From what I remember, the blue pair has the highest twist and is used for the most data intensive communication. The brown pair have the least twist. This is what I've seen in all of the CAT5 cables I've run across and I'm pretty sure I read that in the specs for 568.

CJ

The difference between 568a and 568b is the are pins 1&2 and pins 3&6 are switched(in other words the green and orange pairs are switched).

A crossover cable is a cable that has 568a termination on one end and 568b termination on the other end. These cables are used to connect two computers directly together without a switch or router.

As far as the twists in a Cat5e cable the, they are there for data transmission speed. Each pair has a different number of twists (tighter/looser twists). Then the pairs together are twisted within the shielding. I am not sure if utilizing a particular pair for balun use makes a difference or not but, with data you want as little loss of twists as possible to maintain data tranmission speed. Ernie you said it perfectly!

Cat6 cable has the same number of pairs but the pairs are twisted tighter creating a faster data transmission speed.

Ernie to answer your question we were using 4XEM

No - the green and orange pairs are swapped. They are the only wires used in ethernet. The different twist rates are intentional and are to reduce near end (NeXT)and far end crosstalk (FeXT) between the pairs. Analogous to running LV wire parallel to hi volt wire. The different rates of twist will reduce bleed to the other pairs.

FYI If you terminate one end type A and the other type B you have a crossover cable.

Type B is typical for networking in this day and age.

EDITED: I should have read the entire thread before responding. Sorry for the repeat info. Ernie, I really thought you were pulling a few legs? Are you?

I think its blue, orange, green, then brown.

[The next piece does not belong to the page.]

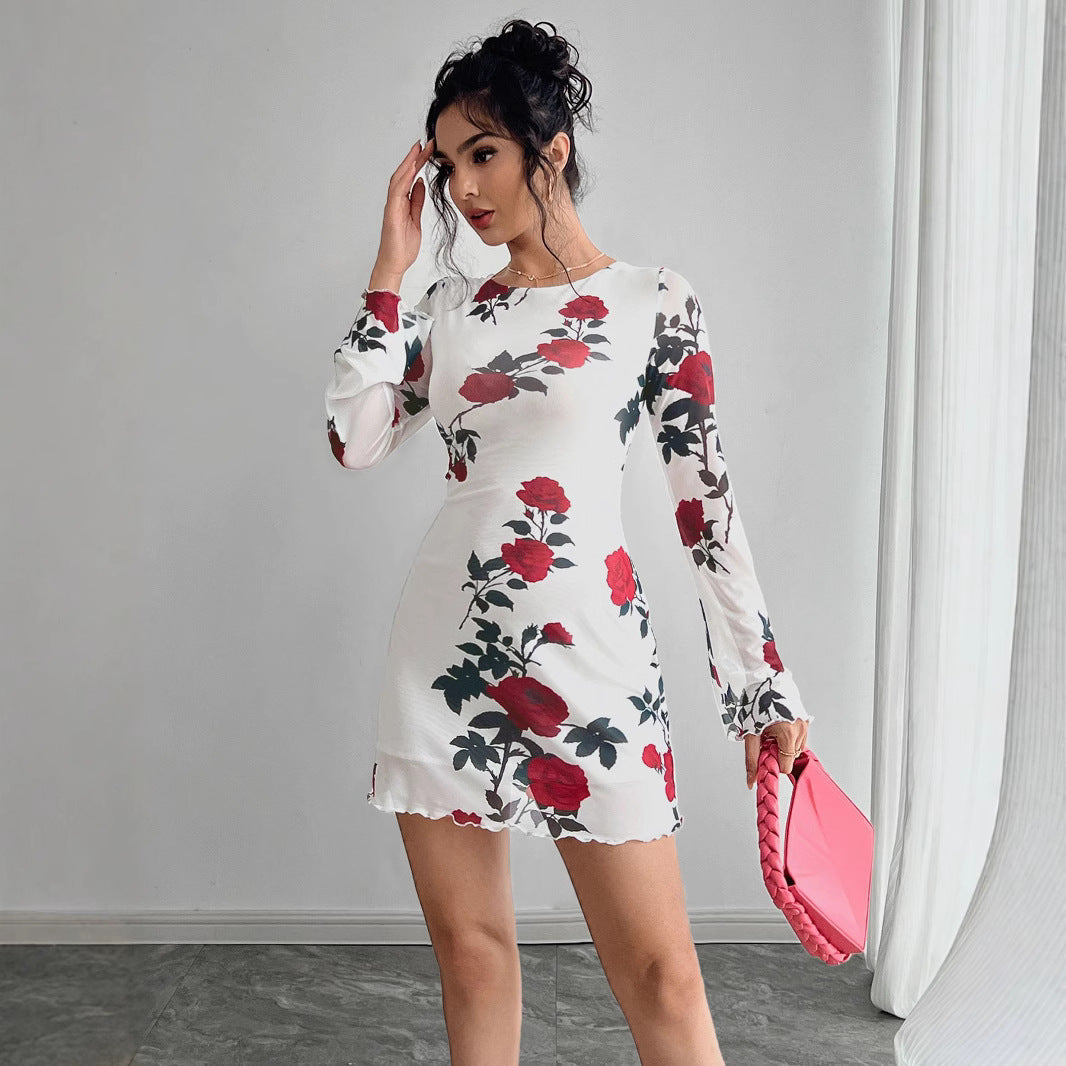 Women's figure-hugging mini dress with rose pattern and trumpet sleeves Mune Fashion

Certain on the blue and brown.

For 10baseT and 100baseT yes, 1000baseT uses all four pairs.

this thread kinds of reminds me of what i will very often tell people when they ask me about how long ive been doing this or what schooling i needed.
Its is not very difficult to learn the hook ups of what we do "A goes to B ,B goes to C" ETC. but what makes the difference is knowing why A goes to B or more importantly "how" A goes to B" i really feel we as an industry dont spend enough time with the nuts and bolts of signal types i would wager that fairly good portion of the posters on this site dont know the difference between RGB and component video. now dont get me wrong it will not come up in most situations but you never know when it will be a day saver.

Proggieus, I can't agree more. It has never ceased to amaze me how many people in this industry never dig past the surface of what they are doing. Sometimes "why?" is a very important question.

Back on topic, this would be what introduces the concept of skew when using standard CAT5, CAT6, etc. in AV applications and why there is UTP that is specifically designed for AV use, such AV UTP by Extron, and Nano-skew by Belden. It is basically CAT5e, but with a standardization of the twist rate between pairs.

It also says right on it, "not recommended for data applications."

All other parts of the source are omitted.